Every year, I give about a dozen speeches on travel across North America. When I sign books afterwards, a familiar scenario inevitably will play out.
I’ll hand back the book that I’ve just autographed and notice that the individual standing in front of me looks very, very nervous… and doesn’t want to move away from the table. She or he will chit-chat for a few minutes before taking a deep breath and asking, “How can I become a travel writer?”
Of course, there’s no one path to this type of career. But I do have advice, which I share, and it boils down to this: Attend the Book Passage Travel Writers and Photographers Conference, which is held each August in Corte Madera, California (right outside of San Francisco).

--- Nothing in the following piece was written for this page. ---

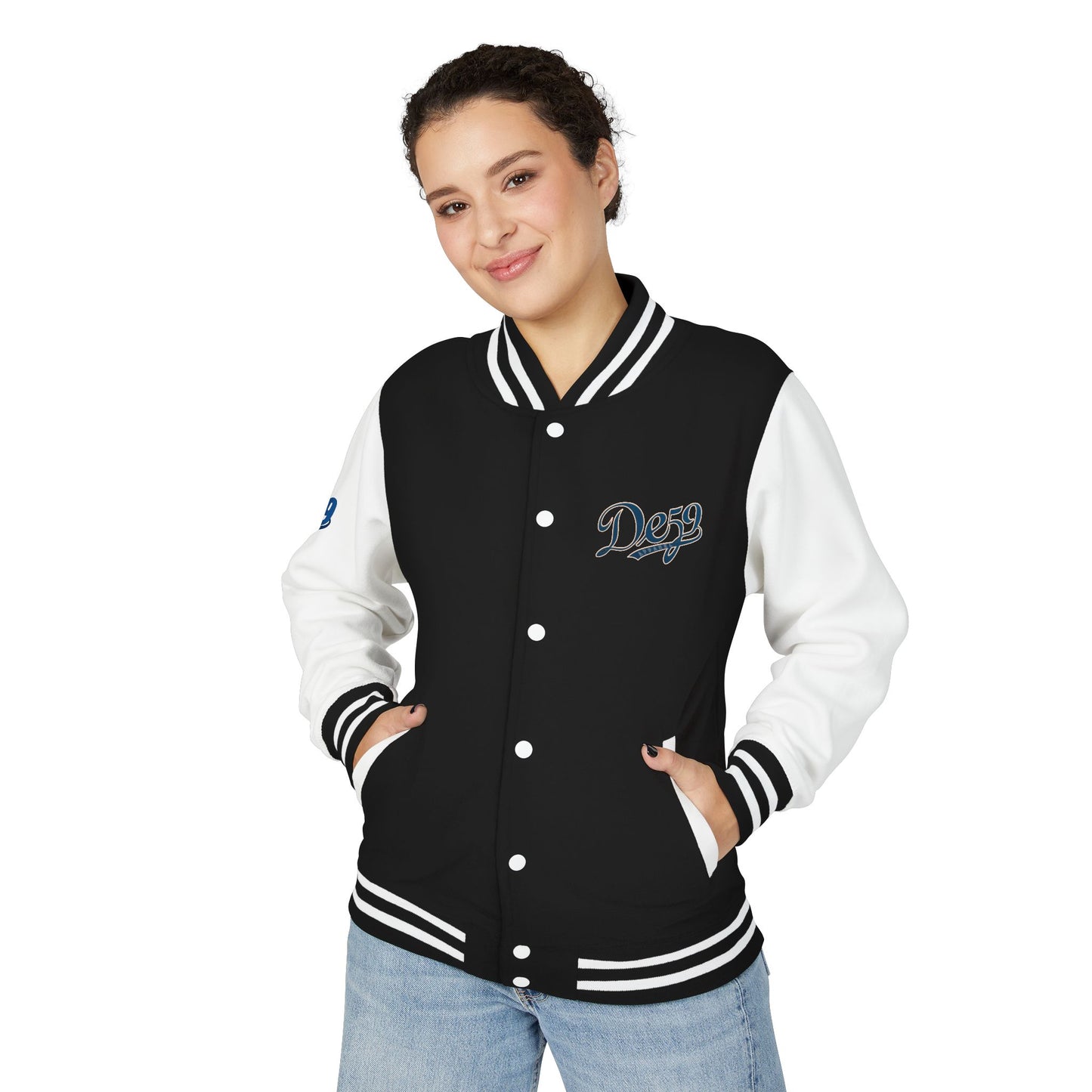Letterman Jacket — 'De59' Retro world champs Baseball Jacket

It’s one of the best first steps I know toward becoming a travel writer.
I know, I know. There are lots of gatherings for bloggers and travel writers. But I think Book Passage is tops for beginning travel writers for three key reasons.
A Focus on Craft: Unlike other travel writer conferences where networking is the key activity, attendees come to Book Passage to master basic and advanced writing and photography skills. Each morning, they attend a three-hour-long seminar, studying for three days in a row with one teacher or a team of two teachers, and covering such topics as newspaper and/or magazine writing, travel memoirs, or creating one’s own brand through blogging.

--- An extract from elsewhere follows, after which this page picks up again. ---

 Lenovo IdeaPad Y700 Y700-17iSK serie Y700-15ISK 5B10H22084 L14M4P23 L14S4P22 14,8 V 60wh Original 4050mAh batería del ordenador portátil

It’s a hands-on approach, with the students creating their own short pieces, reading work aloud, and learning how to better edit their own work. In the afternoons and evenings, there are lectures and panels that cover various genres of travel writing and photography as well as sessions on the business side about making a living in this field.
All-Star Teachers: And I realize that I’m going to sound like quite the braggart with that headline, as I’ve taught at Book Passage over the years, and will be doing so again this summer. But I don’t refer to myself. I’m in awe of my fellow faculty, which has included Pico Iyer, novelist Isabel Allende and The New Yorker’s Susan Orlean.
This year’s staff includes Iyer, Andrew McCarthy (80’s movie star, and now, best selling travel author), Marcia de Sanctis (author of A Hard Place to Leave, which was named one of the best books of 2022 by Vogue), Tim Cahill (one of the founders of Outside magazine), Catharine Hamm (former Travel Editor of The Los Angeles Times), Jasmin Darznik (author of Song of a Captive Bird) and Don George (founder of the conference and an Editor-at-Large for National Geographic Traveler).
Not only are these folks, and others on the faculty, all whip-smart, they’re also unusually generous and kind with their time and attention.
Intimacy: Unlike SATW and the TBEX yearly conference, which are held in the types of places that house conventions, Book Passage is a small bookstore. There’s room for no more than 200 students, and all but one of the meals are held on the store’s patio and shared between teachers and students. That means that even though the conference isn’t focused on networking, some great networking can be done. I’ve hired authors here, and several of the conference’s faculty are alumni who got their first jobs here.
In 2023, the Book Passage Travel Writers and Photographers conference will take place August 10-13.
Go to www.bookpassage.com/travel for the price, housing options, a detailed schedule, and more.
Note from Pauline: This blog post was reworked from one I posted two years ago—though it’s just as heartfelt.